(WHAT THIS TASK INVOLVES): Can you quote the lines below exactly, starting at the line with "2024 CHRYSLER PACIFICA" and going through the last one?

=== Section Start ===

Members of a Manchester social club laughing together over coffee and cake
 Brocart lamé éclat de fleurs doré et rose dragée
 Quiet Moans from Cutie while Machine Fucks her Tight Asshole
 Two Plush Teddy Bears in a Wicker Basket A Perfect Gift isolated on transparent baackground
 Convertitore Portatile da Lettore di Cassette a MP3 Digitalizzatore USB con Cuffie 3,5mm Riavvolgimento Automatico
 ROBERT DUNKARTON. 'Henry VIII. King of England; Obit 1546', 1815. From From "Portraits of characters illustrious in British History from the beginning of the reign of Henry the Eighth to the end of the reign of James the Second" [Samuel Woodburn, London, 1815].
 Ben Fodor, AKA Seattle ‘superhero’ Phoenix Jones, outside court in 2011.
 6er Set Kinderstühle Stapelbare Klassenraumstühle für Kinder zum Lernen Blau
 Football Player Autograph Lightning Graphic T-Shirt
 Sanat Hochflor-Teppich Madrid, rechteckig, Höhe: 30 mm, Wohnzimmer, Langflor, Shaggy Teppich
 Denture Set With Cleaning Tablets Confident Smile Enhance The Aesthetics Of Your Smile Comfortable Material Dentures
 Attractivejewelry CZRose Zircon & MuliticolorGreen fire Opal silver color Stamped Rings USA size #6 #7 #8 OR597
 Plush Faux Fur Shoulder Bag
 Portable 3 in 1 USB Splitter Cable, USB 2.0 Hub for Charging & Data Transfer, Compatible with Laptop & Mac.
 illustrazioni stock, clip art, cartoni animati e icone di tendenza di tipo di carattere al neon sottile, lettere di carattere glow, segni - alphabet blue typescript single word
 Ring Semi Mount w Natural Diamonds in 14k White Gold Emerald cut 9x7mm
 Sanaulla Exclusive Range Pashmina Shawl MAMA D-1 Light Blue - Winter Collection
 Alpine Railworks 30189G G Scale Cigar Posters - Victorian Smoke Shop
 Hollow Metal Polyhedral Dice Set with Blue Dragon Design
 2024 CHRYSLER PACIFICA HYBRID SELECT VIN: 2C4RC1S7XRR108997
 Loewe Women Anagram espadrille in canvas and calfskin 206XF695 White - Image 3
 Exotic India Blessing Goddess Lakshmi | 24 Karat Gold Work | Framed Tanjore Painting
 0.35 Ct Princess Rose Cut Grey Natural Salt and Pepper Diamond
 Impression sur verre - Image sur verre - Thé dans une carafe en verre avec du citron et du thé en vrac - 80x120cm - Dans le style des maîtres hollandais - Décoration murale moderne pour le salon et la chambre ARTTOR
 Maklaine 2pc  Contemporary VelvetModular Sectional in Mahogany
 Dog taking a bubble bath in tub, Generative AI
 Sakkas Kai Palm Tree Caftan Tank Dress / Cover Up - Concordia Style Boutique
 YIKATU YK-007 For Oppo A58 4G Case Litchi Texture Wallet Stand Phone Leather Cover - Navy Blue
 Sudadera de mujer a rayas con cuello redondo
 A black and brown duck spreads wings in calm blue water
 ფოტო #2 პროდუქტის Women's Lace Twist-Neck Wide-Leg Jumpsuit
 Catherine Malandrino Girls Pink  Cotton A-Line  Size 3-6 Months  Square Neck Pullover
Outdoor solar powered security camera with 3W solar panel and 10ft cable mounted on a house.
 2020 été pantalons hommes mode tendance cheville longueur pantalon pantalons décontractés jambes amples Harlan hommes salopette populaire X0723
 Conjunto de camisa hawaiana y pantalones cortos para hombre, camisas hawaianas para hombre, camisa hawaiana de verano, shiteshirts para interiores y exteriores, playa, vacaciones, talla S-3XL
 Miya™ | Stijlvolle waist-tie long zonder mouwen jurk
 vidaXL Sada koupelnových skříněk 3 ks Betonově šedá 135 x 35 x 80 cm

=== Section End ===

(COMPLETED TASK):
 2024 CHRYSLER PACIFICA HYBRID SELECT VIN: 2C4RC1S7XRR108997
 Loewe Women Anagram espadrille in canvas and calfskin 206XF695 White - Image 3
 Exotic India Blessing Goddess Lakshmi | 24 Karat Gold Work | Framed Tanjore Painting
 0.35 Ct Princess Rose Cut Grey Natural Salt and Pepper Diamond
 Impression sur verre - Image sur verre - Thé dans une carafe en verre avec du citron et du thé en vrac - 80x120cm - Dans le style des maîtres hollandais - Décoration murale moderne pour le salon et la chambre ARTTOR
 Maklaine 2pc  Contemporary VelvetModular Sectional in Mahogany
 Dog taking a bubble bath in tub, Generative AI
 Sakkas Kai Palm Tree Caftan Tank Dress / Cover Up - Concordia Style Boutique
 YIKATU YK-007 For Oppo A58 4G Case Litchi Texture Wallet Stand Phone Leather Cover - Navy Blue
 Sudadera de mujer a rayas con cuello redondo
 A black and brown duck spreads wings in calm blue water
 ფოტო #2 პროდუქტის Women's Lace Twist-Neck Wide-Leg Jumpsuit
 Catherine Malandrino Girls Pink  Cotton A-Line  Size 3-6 Months  Square Neck Pullover
Outdoor solar powered security camera with 3W solar panel and 10ft cable mounted on a house.
 2020 été pantalons hommes mode tendance cheville longueur pantalon pantalons décontractés jambes amples Harlan hommes salopette populaire X0723
 Conjunto de camisa hawaiana y pantalones cortos para hombre, camisas hawaianas para hombre, camisa hawaiana de verano, shiteshirts para interiores y exteriores, playa, vacaciones, talla S-3XL
 Miya™ | Stijlvolle waist-tie long zonder mouwen jurk
 vidaXL Sada koupelnových skříněk 3 ks Betonově šedá 135 x 35 x 80 cm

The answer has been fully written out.